The other thing that pops into my head is that the chamber is a hair too long, and normally the gun only fires because the extractor is holding the case head to the bolt face. Interfere with that (a little dirt or tramp metal someplace) and reliability goes away.
The pure "dead trigger" issue is really something else, I think, in this case. Easily fixed with the updated sear block. You can search on that here and get an earful.
I had a funny one with a Llama in .40S&W some years back. A club member turned up with it. Good price, too, but the fool thing just didn't always fire. Checked what we could and found nothing. (This particular gun is a copy, but not a clone, of the Colt "Officer's" sized guns. Lots of parts do the same job, but don't quite work the same way. Not a lot of interchangeability, either.)
After much cursing, we noted that it had a Swartz safety (Kimber uses them), and I pulled the firing pin block out of the slide. (Remove the rear sight to do it!) Turned out that the mechanism was out of time, and the hammer would hit the firing pin at just the wrong time, whacking the pin into the edge of the block instead of moving the block out of the way. Eventually a burr was raised on the bottom of the block (it's a "bar" across the top of the firing pin), which retarded the firing pin. Easy enough to fix, but the joke was that the gun was happy as a clam with another club member's reloads, but didn't like factory loads at all. The reloads had softer primers.... Which, of course, resulted in an essentially non-functional gun for "self defense" purposes that shot well on the range....

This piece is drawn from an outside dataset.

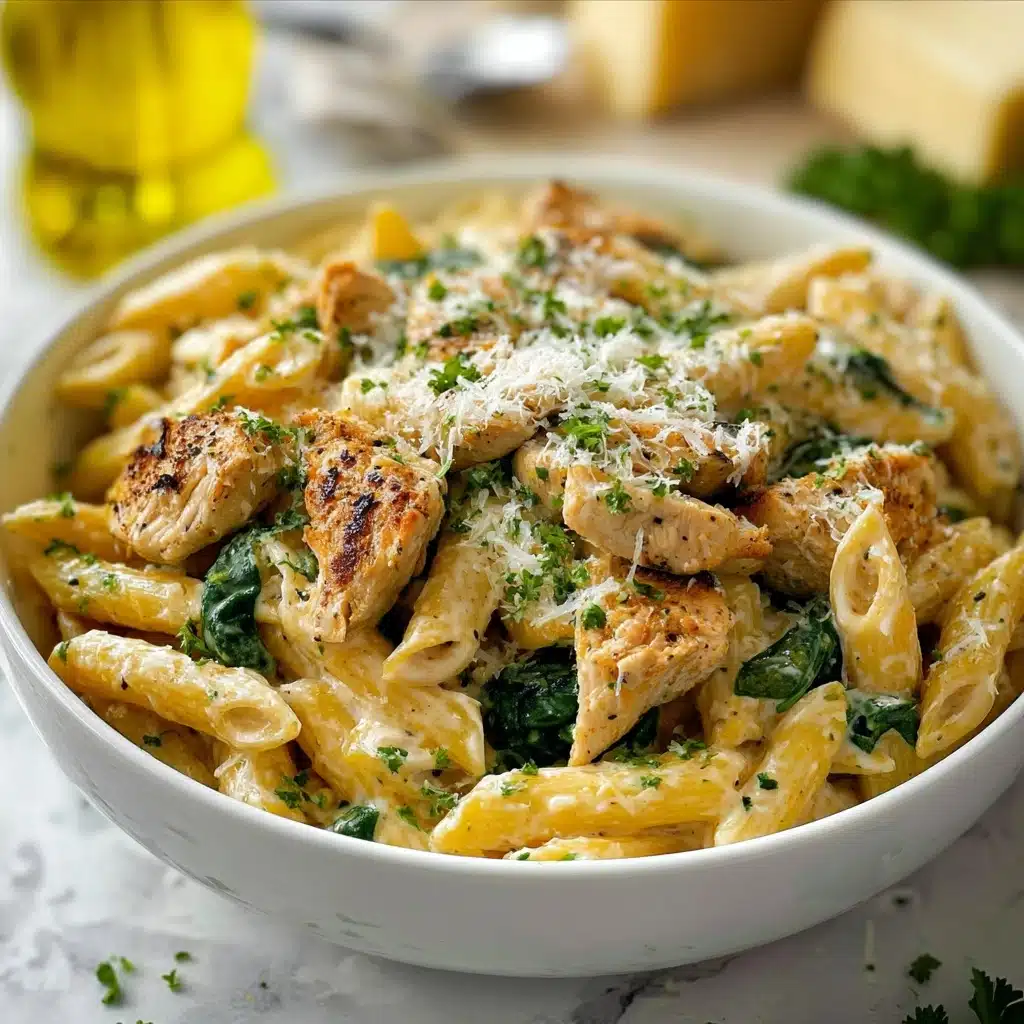 Healthy Garlic Parmesan Chicken Pasta Recipe - Recipe Image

(We discovered the problem when he tried to shoot some other reloads.)
FastBolt knows about as much about the insides of these things as the S&W gang do, if not more. If he tells you it's the modem, it's the modem....(OK, the striker
.)
BTW, the drop safety requires that the little flag on the rear of the trigger bar raise the plunger far enough. If possible, compare the height of the ones you have. The bar could be bent enough to keep that flag from going high enough while still letting the sear work. Just IMHO, that trigger bar is a kludge. Simple, throwaway, part, but lots of little zingers hiding there.
(FB: I finally got one of my Para LDA's actions about half apart, and back together successfully. I popped out a pin while trying to stake it - sear pin likes to wander a little - and all kinds of little bits moved out without permission. Four hours.... My "schematic" showed the grip safety lever going into the frame the wrong way. Took a while, and a look at the insides of another LDA.... Someday, I'll try the rest of it. Meantime, I've had all three of my M&P's down to bare plastic in the frame. Still haven't bothered to try to remove an extractor, though.)
Regards,
I agree with you on the barrel. A friend of mine, who I walk with daily, is a Chemical and Nuclear engineer and he worked in a metal casting business his family owned for many years so he is somewhat of a metallurgist also and he makes his primary hobby firearms, said exactly the same thing about the barrel and the chamber being to long. He is very knowledgeable about firearms and one of the smartest individuals I ever met. He also mentioned something dragging the firing pin; but that may be a burr also. So you are on the money. I consulted with him before sending it back to Smith the second time.
I will have to wait for Smith to examine the pistol.